Wybory w Rosji – nikt nie ma złudzeń
W piątek 15 marca rozpoczną się wybory prezydenckie w Rosji. Potrwają one trzy dni i zakończą się w niedzielę 17 marca. Przedterminowe głosowanie rozpoczęło się już w odległych regionach kraju, np. na rubieżach Syberii.
Jak uważają eksperci, wynik głosowania jest przesądzony. Kreml ma dążyć do zapewnienia Władimirowi Putinowi wyższego poziomu poparcia niż w jego poprzednich czterech zwycięstwach.
W 2018 roku, według oficjalnych wyników Putin uzyskał 77,5% głosów. Nawet przy braku realnej konkurencji, wybory te otoczone były powszechnymi oskarżeniami o fałszowanie głosów, oszustwa i wymuszanie głosowania. Nic nie wskazuje na to, że teraz mogłoby być inaczej.
W tym roku Putin oficjalnie zmierzy się z trzema innymi pretendentami. To kandydaci zatwierdzeni przez Kreml, mający na celu stworzenie pozorów rywalizacji.
Karty do głosowania zostaną również oddane w czterech ukraińskich regionach, które Moskwa zaanektowała w 2022 roku, a także na Półwyspie Krymskim, zajętym w 2014 roku.
Putin sprawuje władzę jako prezydent lub premier nieprzerwanie od 1999 roku. To będą jego piąte wybory prezydenckie, bowiem na fotel prezydenta wybierany był już czterokrotnie.
Na stanowisko prezydenta wybrany został w 2000 roku, a potem ponownie w 2004, 2012 i 2018 roku. Wcześniej od 8 sierpnia 1999 roku do 7 maja 2000 roku był premierem.

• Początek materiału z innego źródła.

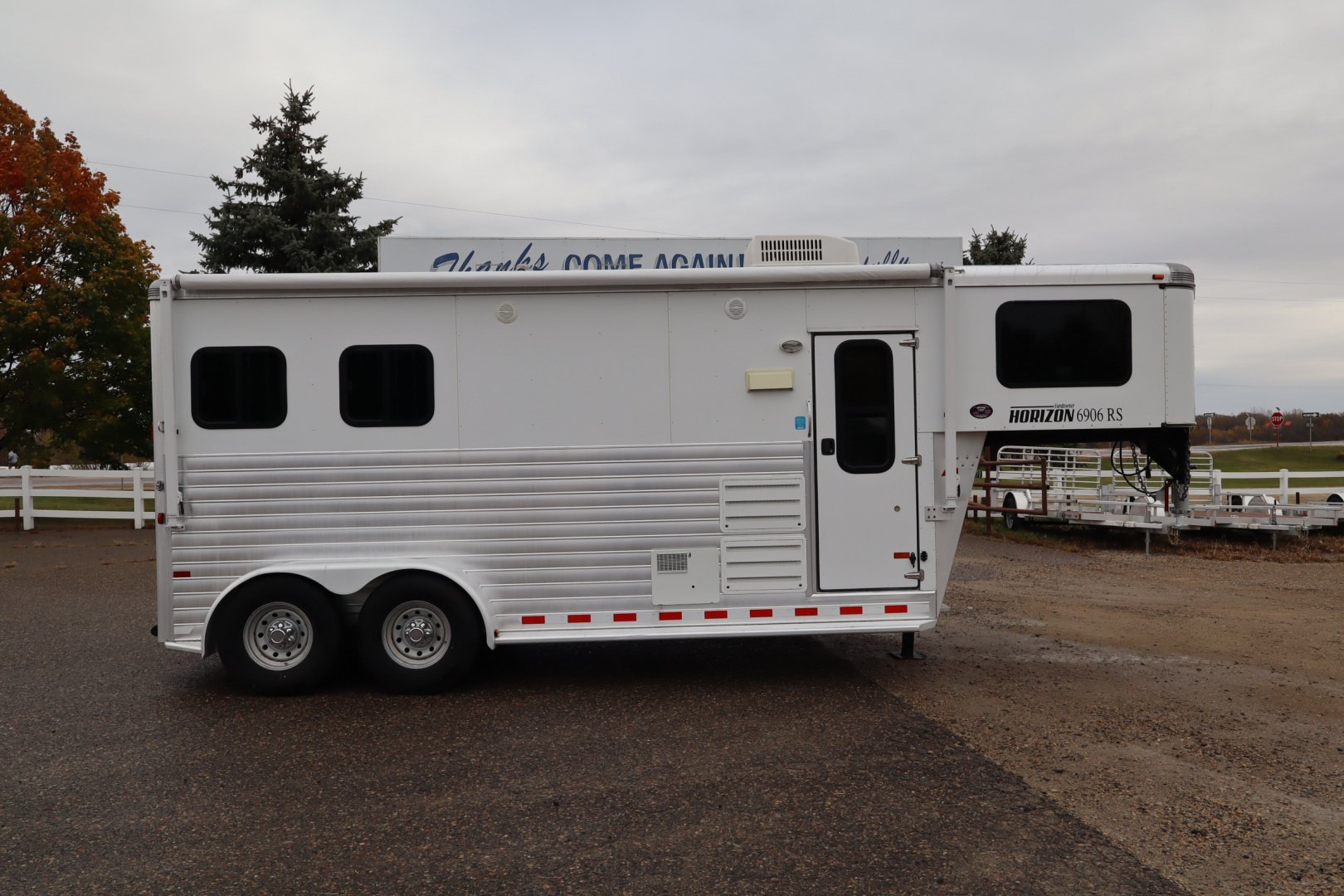 Used 2012 Sundowner 2 Horse LQ Horse Trailer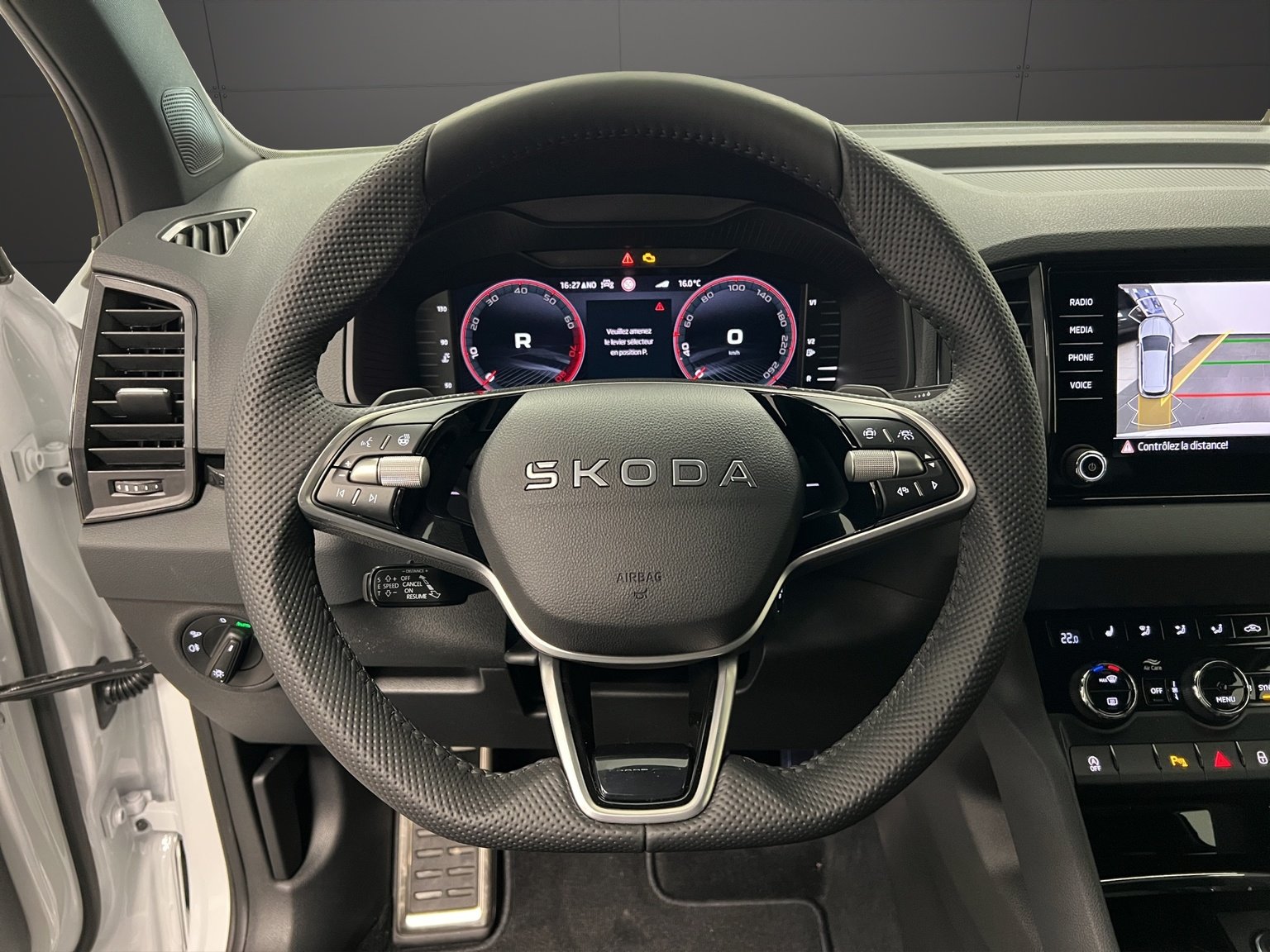 SKODA Karoq 1.5 TSI SportLine DSG, Essence, Voiture nouvelle, Automatique - 7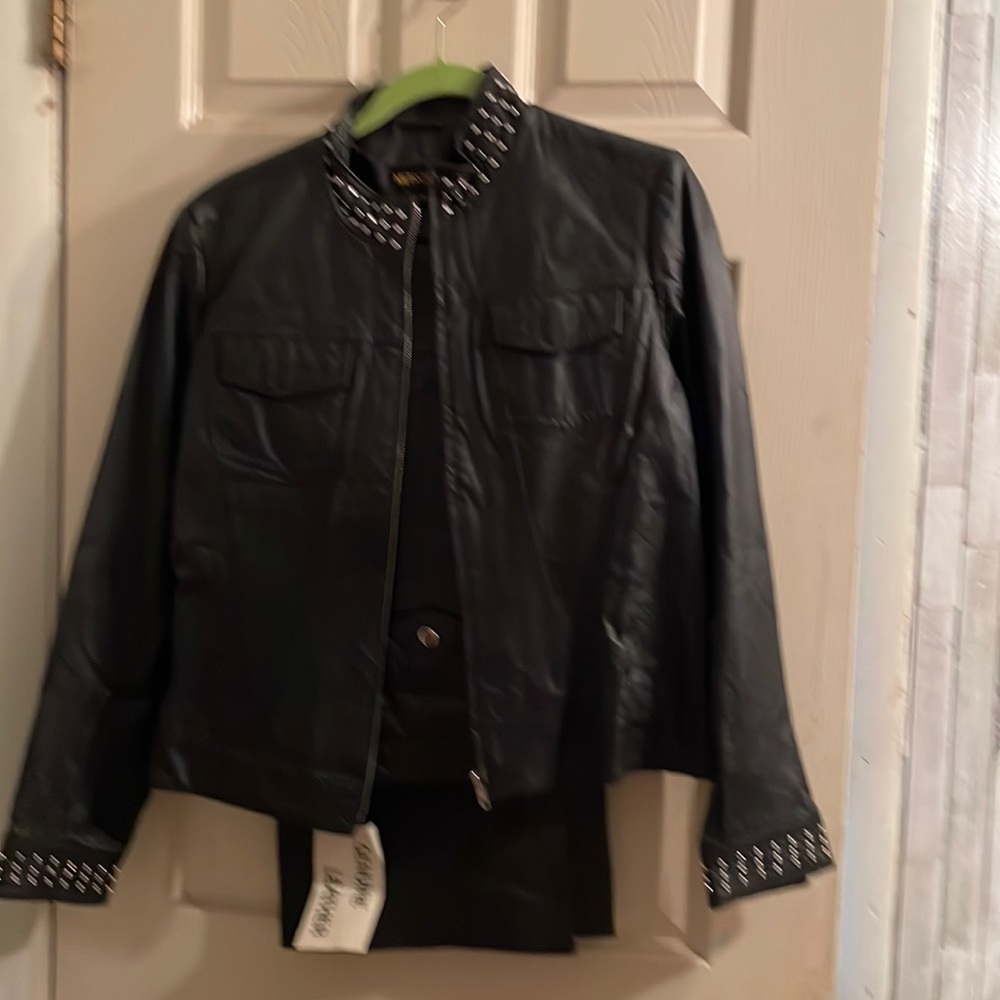 Metro Style Genuine Leather 2pc pant and jacket size 12 . Black with studs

Na stanowisko to powrócił w 2008 roku na okres 4 lat, bowiem wówczas przepisy nie zezwalały na to by prezydent wybrany został trzykrotnie. O to, by konstytucja to umożliwiała, Putin zadbał kilka lat później. W związku z tym, teraz ponownie może ubiegać się o reelekcję.

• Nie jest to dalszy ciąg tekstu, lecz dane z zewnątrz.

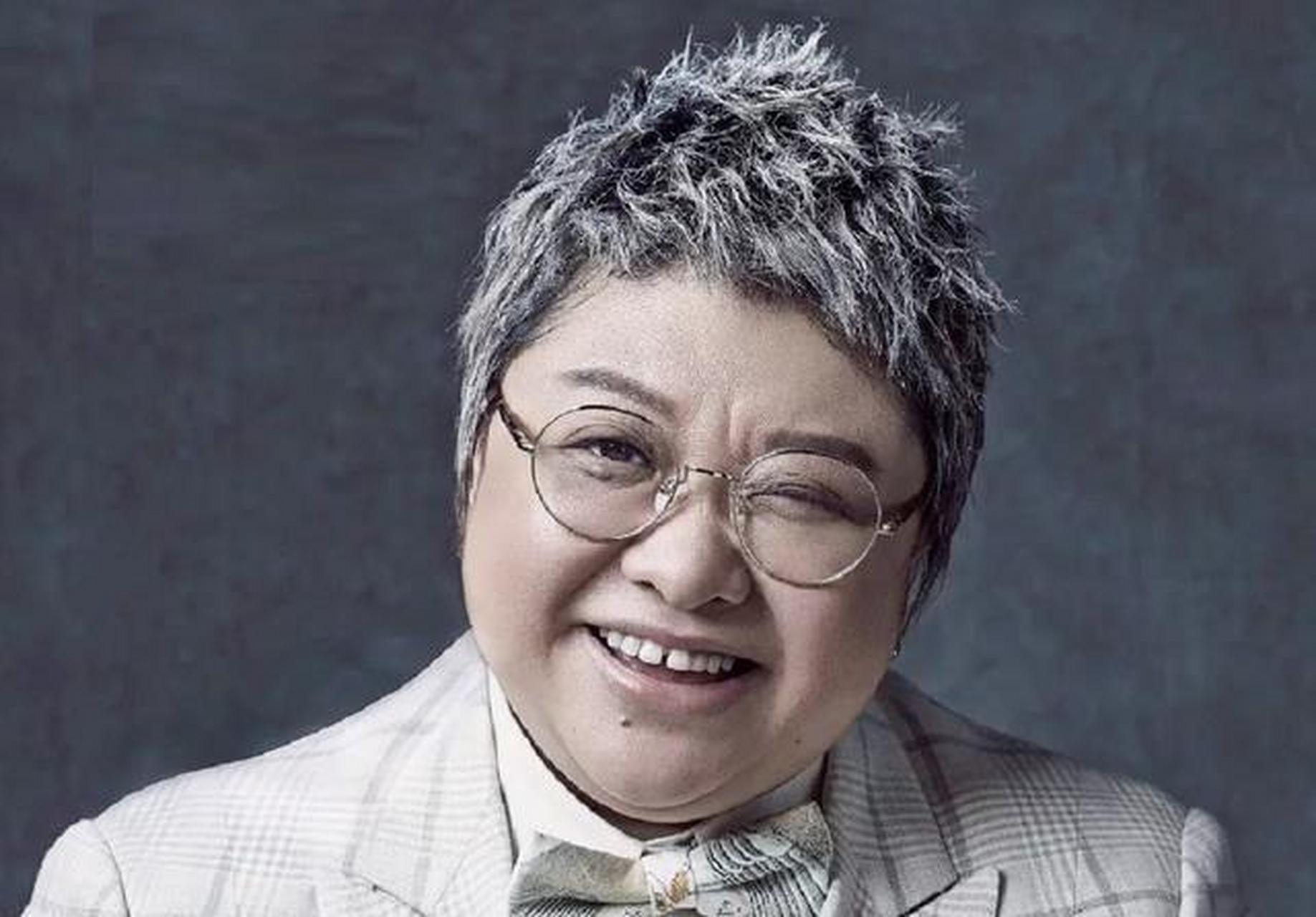 52岁韩红与50岁前男友再次同框,坐在一起开怀大笑,相处模式很甜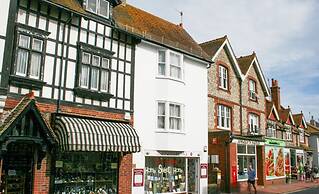 Dean Court Garden Parking by Brighton Holiday Lets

Zgodnie z poprawką do konstytucji z 2020 roku jego poprzednie kadencje zostały unieważnione. Oficjalnie, wybory 15-17 marca będą jego „pierwszymi”.

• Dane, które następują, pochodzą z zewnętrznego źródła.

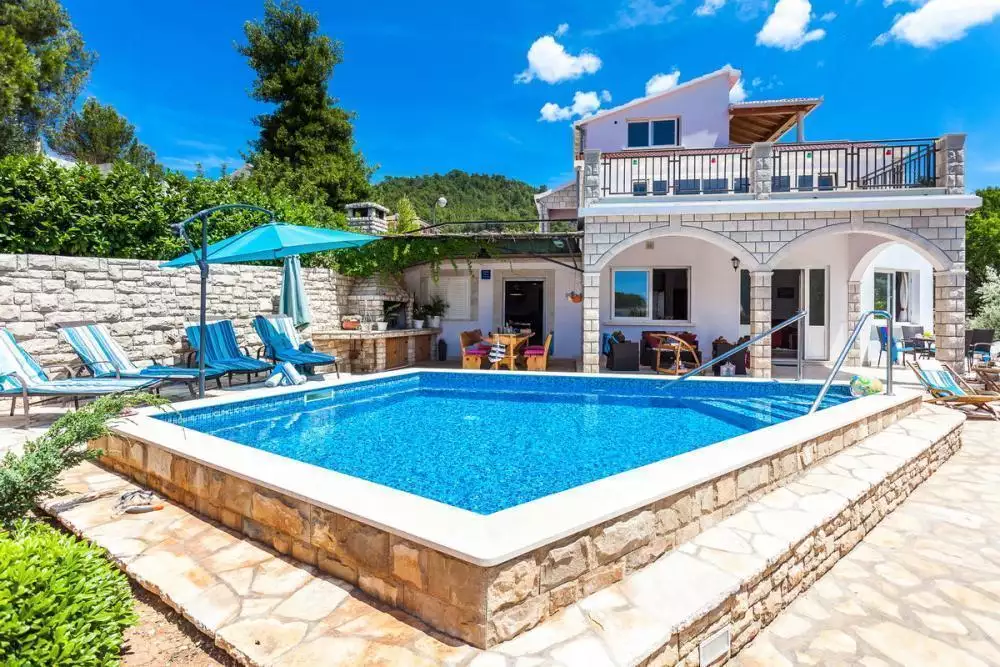 Villa 460m² in Croatia, Korcula. Priced at 1600000€ rent photo-11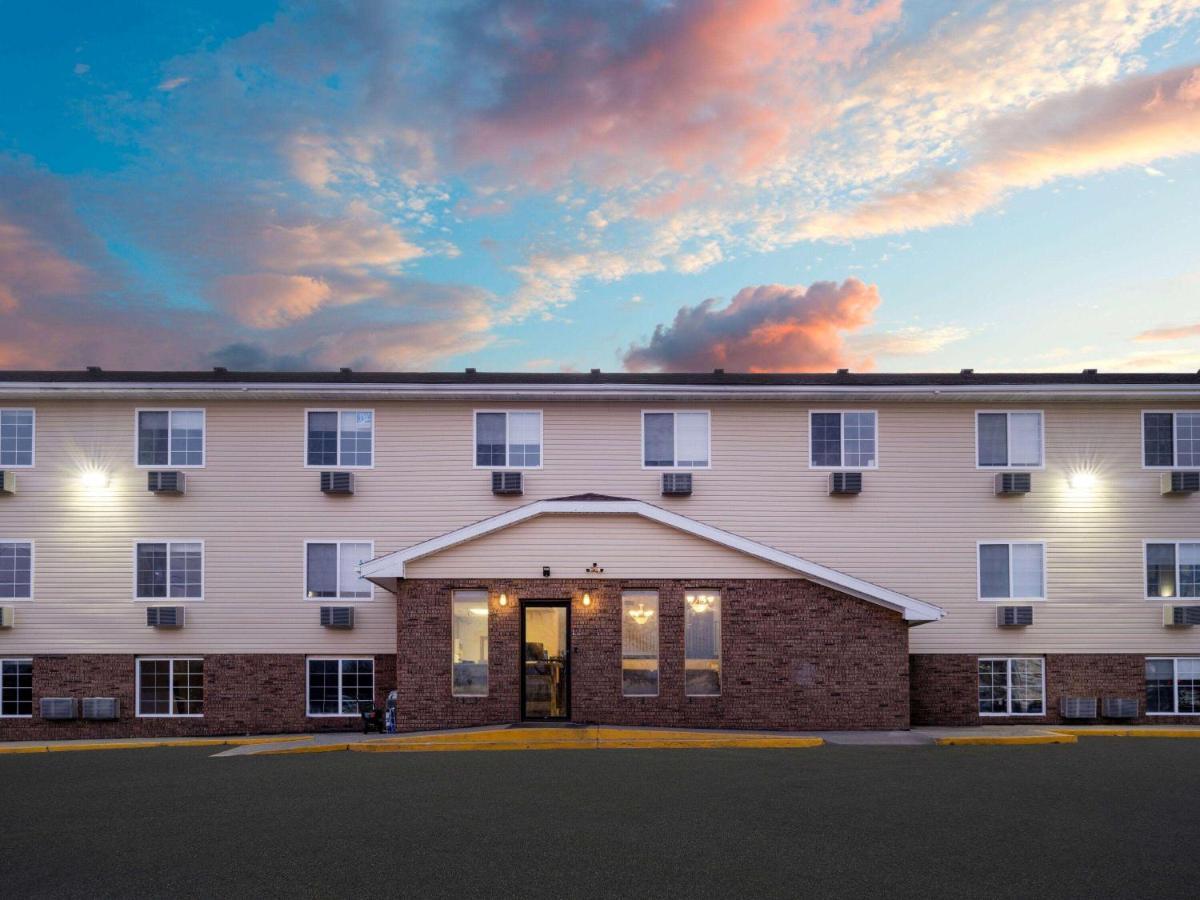 Hotel Super 8 By Wyndham Clinton Exteriér fotografie
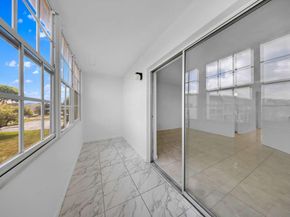 9101 Sunrise Lakes Blvd 216, Sunrise FL 33322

Jeśli wygra, zgodnie z oczekiwaniami, będzie służył przez kolejne sześć lat, dzięki poprawkom do konstytucji, które wydłużyły czas kadencji z 4 do 6 lat.
Oznacza to, że może sprawować władzę nawet do 2036 roku, gdy osiągnąłby wiek 83 lat. Już teraz 71-letni Putin ze stażem blisko 25 lat u sterów Federacji Rosyjskiej jest najdłużej urzędującym przywódcą Rosji od czasów Józefa Stalina.
Stalin piastował urząd Sekretarza Generalnego KC przez niecałe 31 lat. Jeśli Putin zostałby wybrany na kolejne dwie kadencje, to rządziłby wówczas najdłużej od ery carycy Katarzyny Wielkiej w XVIII wieku.